That's I understand. I just said "a cleanup caller" which amongst other
things does ipipe_unregister_domain. Although, yep. The latter one is not
necessarily involved.
The difficult part is to refrain from masking the hw interrupts when
> running the event handlers for the sake of keeping short latencies
> (nothing would prevent those handlers to re-enable interrupts anyway).
> IOW, using a big stick like the critical inter-CPU lock is not the
> preferred option.
And it's not a good idea to get ipipe_catch_event() buzy spinning as (as I
understand) ipipe_dispatch_event() may take, in general, an unbounded amount
of time.
Ok, some more weird thoughts on top of my mind.
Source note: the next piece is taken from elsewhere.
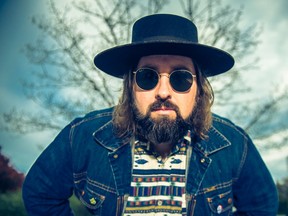 Dan Moxon of Bend Sinister is on tour supporting his new solo album Lounge Singer.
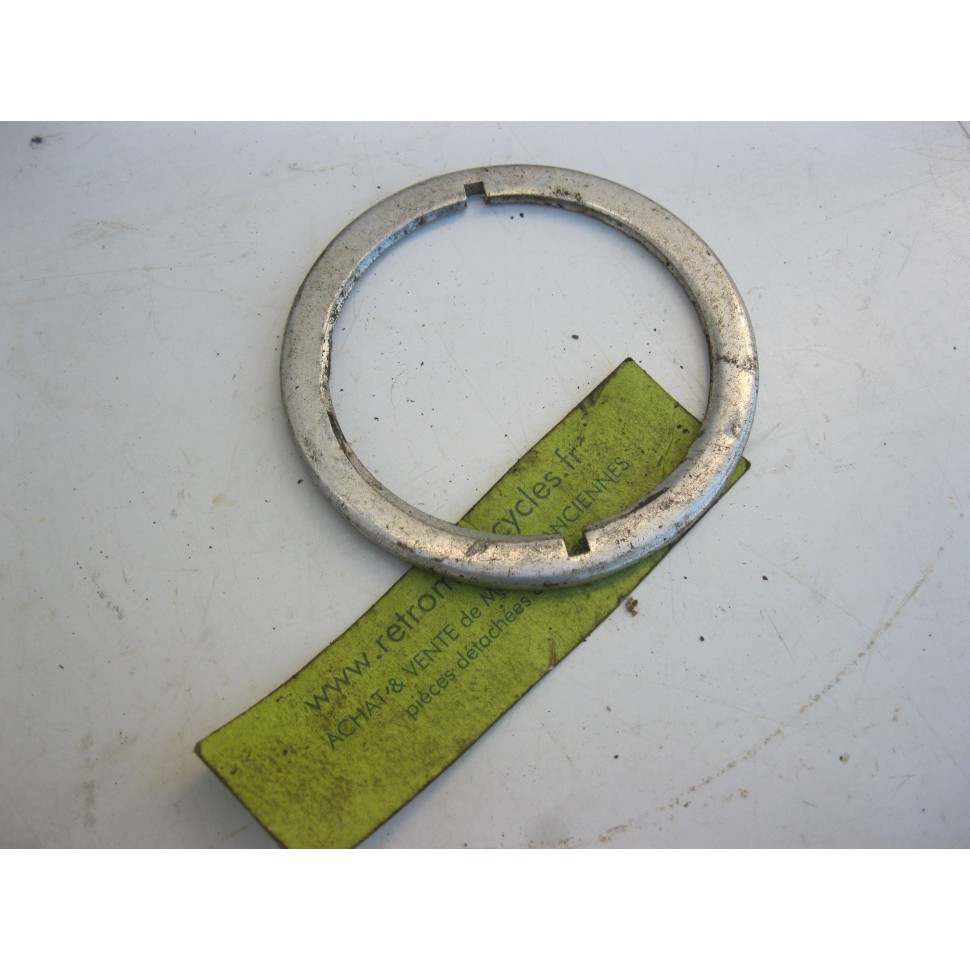 ecrou de réservoir TERROT 100 / 500. N.O.S.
I hope the idea is clear,
notwithstanding my description that can be not that clear but hey... it's a
late hour :)
----
ipipe_dispatch_event()
{
...
ipipe_lock_cpu(flags);
start_domain = this_domain = ipipe_percpu_domain[cpuid];
list_for_each_safe(pos,npos,&__ipipe_pipeline) {
next_domain = list_entry(pos,struct ipipe_domain,p_link);
+ event_handler = next_domain->evhand[event];
if (next_domain->evhand[event] != NULL) {
ipipe_percpu_domain[cpuid] = next_domain;
+ atomic_inc(&somewhere_stored->counter);
ipipe_unlock_cpu(flags);
- propagate =
!next_domain->evhand[event](event,start_domain,data);
+ propagate = !event_handler(...);
ipipe_lock_cpu(flags);
+ if (atomic_dec(&somewhere_stored->counter) == 0)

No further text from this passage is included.